2007/04/27

claridade

o que aconteceria se alguém que passou a sua vida a alimentar os seus demónios deixasse simplesmente, num acto mais temerário do que outra coisa, de o fazer?
e se esses mesmos demónios, em vez de não se voltarem para a mão que já os não alimenta, de modo igualmente simples, morressem à míngua, não exalando mais do que um ligeiríssimo ronco, quase imperceptível?

e se, como alguns sábios afirmam, o vazamento dos olhos fosse um pré-requisito para a visão pura?

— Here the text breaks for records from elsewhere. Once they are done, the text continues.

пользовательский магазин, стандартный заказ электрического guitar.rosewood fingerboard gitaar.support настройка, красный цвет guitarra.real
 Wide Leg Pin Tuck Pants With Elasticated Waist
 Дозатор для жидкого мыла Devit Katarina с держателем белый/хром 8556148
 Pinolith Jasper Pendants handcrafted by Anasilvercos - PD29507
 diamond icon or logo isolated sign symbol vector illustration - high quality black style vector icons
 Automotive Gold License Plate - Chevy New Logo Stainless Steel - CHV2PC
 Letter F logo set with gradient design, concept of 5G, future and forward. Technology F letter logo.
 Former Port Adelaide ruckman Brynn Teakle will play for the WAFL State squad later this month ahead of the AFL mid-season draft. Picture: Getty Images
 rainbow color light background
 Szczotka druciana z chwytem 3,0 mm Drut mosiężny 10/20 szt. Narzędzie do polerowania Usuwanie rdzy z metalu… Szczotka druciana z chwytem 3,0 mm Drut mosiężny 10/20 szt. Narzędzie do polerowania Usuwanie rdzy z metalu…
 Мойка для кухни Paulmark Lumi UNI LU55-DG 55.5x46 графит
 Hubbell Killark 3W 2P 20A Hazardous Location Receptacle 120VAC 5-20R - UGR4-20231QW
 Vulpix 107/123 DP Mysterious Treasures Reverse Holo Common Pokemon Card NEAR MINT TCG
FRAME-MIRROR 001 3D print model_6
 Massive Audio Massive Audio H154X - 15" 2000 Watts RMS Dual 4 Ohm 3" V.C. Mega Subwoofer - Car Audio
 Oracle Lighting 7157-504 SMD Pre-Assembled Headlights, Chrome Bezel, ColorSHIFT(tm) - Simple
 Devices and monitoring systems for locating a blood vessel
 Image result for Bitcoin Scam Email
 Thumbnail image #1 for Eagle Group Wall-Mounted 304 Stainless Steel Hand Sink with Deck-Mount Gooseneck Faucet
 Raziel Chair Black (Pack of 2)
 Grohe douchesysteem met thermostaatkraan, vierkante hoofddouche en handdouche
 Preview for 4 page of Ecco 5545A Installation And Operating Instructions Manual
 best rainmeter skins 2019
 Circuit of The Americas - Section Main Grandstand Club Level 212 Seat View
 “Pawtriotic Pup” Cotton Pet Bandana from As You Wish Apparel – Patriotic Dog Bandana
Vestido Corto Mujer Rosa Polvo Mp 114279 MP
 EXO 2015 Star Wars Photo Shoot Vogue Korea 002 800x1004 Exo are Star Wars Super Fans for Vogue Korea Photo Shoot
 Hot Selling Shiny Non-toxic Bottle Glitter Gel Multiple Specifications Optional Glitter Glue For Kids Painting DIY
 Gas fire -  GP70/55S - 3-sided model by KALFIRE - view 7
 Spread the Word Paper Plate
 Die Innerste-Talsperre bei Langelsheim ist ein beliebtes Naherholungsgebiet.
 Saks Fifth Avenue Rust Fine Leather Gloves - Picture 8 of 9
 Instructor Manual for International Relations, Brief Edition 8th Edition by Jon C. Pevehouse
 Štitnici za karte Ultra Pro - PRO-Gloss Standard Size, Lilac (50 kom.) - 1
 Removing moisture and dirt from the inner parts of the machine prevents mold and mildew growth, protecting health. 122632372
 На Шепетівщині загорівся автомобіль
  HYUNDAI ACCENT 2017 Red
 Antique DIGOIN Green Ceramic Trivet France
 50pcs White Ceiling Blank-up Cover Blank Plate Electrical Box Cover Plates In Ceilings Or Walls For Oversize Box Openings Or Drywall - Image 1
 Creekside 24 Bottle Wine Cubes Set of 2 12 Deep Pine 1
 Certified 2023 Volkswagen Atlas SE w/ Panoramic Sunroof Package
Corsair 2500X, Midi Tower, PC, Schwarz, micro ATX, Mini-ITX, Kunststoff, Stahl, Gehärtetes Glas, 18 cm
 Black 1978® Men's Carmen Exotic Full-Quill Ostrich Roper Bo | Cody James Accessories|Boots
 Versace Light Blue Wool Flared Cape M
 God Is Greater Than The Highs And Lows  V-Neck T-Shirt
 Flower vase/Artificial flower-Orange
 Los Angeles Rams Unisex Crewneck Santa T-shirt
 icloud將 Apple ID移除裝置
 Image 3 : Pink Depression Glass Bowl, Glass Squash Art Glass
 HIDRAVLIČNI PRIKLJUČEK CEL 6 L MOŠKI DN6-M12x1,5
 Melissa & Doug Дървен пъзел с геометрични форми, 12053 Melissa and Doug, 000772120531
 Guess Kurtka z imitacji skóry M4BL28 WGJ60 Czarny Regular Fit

e se se pudesse sentir orgulho dos actos (conscientemente) mais estúpidos de toda uma existência?

parábola do oásis:
certo homem ocupava os seus dias prescutando o horizonte, tentando resisitir ao apelo do deserto... melhor:

parábola da ilha:
certo homem ocupava os seus dias prescutando o horizonte, tentando resisitir ao apelo do mar. julgava-se incapaz de, por simples determinação da sua vontade, empreender a grande travessia, abalançar-se ao grande salto. procurava, em vão, uma qualquer vela, qualquer coluna de fumo, qualquer ponto ínfimo que lhe sugerisse a possibilidade de uma qualquer possibilidade...
por várias vezes, como num exercício de suicídio na tentativa, se viu forçado a regressar ao ponto de partida (muitos anos mais tarde recordará esta expressão - ponto de partida - com um quase imperceptível sorriso).
naquele dia, na hora em que o seu desespero se aproximava do zénite, a sua atenção ficou presa àquele espectro indistinto que se fundia nas ondas de calor reflectidas pela areia dunar. enquanto se afastava da sombra da tamareira a sua certeza de que alguém, talvez beduíno, se aproximava do sítio onde se encontrava aumentava proporcionalmente à sua incredulidade. abeirou-se do poço (único ponto de água num redor de centenas de milhas náuticas) e passou as mãos molhadas pelo rosto sem deixar de acompanhar com o olhar o balanço ritmado do dromedário engalanado que transportava a sereia que já o saudava agora com um aceno amistoso.
quase uma hora depois, uma hora de transe asfixiante, a sereia encontra-se em frente ao homem e falou-lhe:
- isto é aqui - começou - e o agora é sempre num aqui. - os seus dois dentes de ouro faiscavam ao sol acentuando a serenidade do sorriso e a força das palavras. - cheers.
sem qualquer indicação perceptível por parte da sereia, o dromedário tomou o caminho inverso e desapareceu quase logo após a linha de rebentação.
o homem agradeceu-lhe e nunca mais olhou para o mar da mesma forma, não mais desejou que uma vela ou vapor se revelasse na interminavel linha de dunas...

6 comentários:

Anónimo disse...

tu és um parabolador!...

me disse...

tu estás a gozar comigo?

Anónimo disse...

não me lembro de alguma vez ter gozado contigo! :)

me disse...

não me digas que não eras tu!!!
isto um gajo com os copos nunca tem a certeza de nada...

Anónimo disse...

este é, sem sombra de dúvida, o melhor registo do teu logradouro!!
beijo

me disse...

ó alice... não sei não. continuo a gostar muito dos "apontamentos para um western-tragédia".